The Best Pull Day Workouts for Building Your Back and Biceps

The Best Pull Day Workouts for Building Your Back and Biceps

When it comes to strength training, the best way to build muscle and increase strength is by combining exercises that target both the push and pull sides of the body. This is called a “push-pull split” and is the perfect solution for anyone looking to build more mass in their muscles.

The push side of the body is where you’ll focus on chest, shoulders, triceps and quads. This kind of split is good for beginner and intermediate athletes as well as advanced lifters. It’s also a good option for people who want to train multiple days per week, since it allows you to do push day workouts without taking a rest day.

A good way to do this is by alternating between push and pull days in your training program, which will keep your body guessing as to what’s coming next. This is a great way to keep your muscles from getting overloaded and to ensure that all of your muscles are receiving the proper amount of workouts per week.

1. Lat pulldowns

If you’re looking for a great upper body workout that’s effective at developing your lats, rhomboids, trapezius and posterior deltoids, then you need to add this exercise into your routine. It’s an excellent alternative to pull-ups because it develops your back’s width without the risk of overstressing your neck or shoulder muscles, which can lead to injury.

2. Cable row

The seated cable row is another great option for training your back. You can do this exercise at home using a barbell or a cable station. To do this exercise, attach a V-grip handle or two individual grip handles to the pulley on the cable station and grasp each end of the handle with your hands slightly wider than shoulder-width apart. Keeping your lower back flat, row the handles toward your sternum until your shoulder blades are stretched out and you’ve achieved a full rep.

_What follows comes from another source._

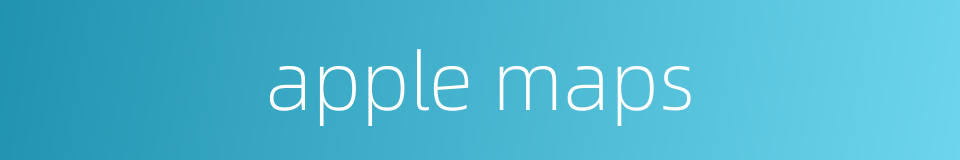 apple maps的同义词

3. Single-arm dumbbell row

The single-arm dumbbell row is a great way to build your back because it develops your upper back’s thickness and strength. This exercise also helps to strengthen your biceps and forearms.

4. Pull-ups

The pull-up is one of the best back exercises because it works every muscle in your back, including your rhomboids and lats. It also improves your whole-body coordination and increases your overall fitness levels.

5. Bench press

The bench press is one of the most effective back exercises because it trains your biceps and shoulders in addition to your chest and rear deltoids. It also builds your abs, which is a bonus because they help to prevent injuries by stabilizing your spine.

6. The reverse pec deck

The reverse pec deck is one of the most effective back exercises because you’ll be able to lift a heavy weight in a single set. If you’re not sure if you can do the exercise, try it with lighter weights first to see if you’re comfortable doing it. If you’re not, then use a lighter weight and perform fewer reps.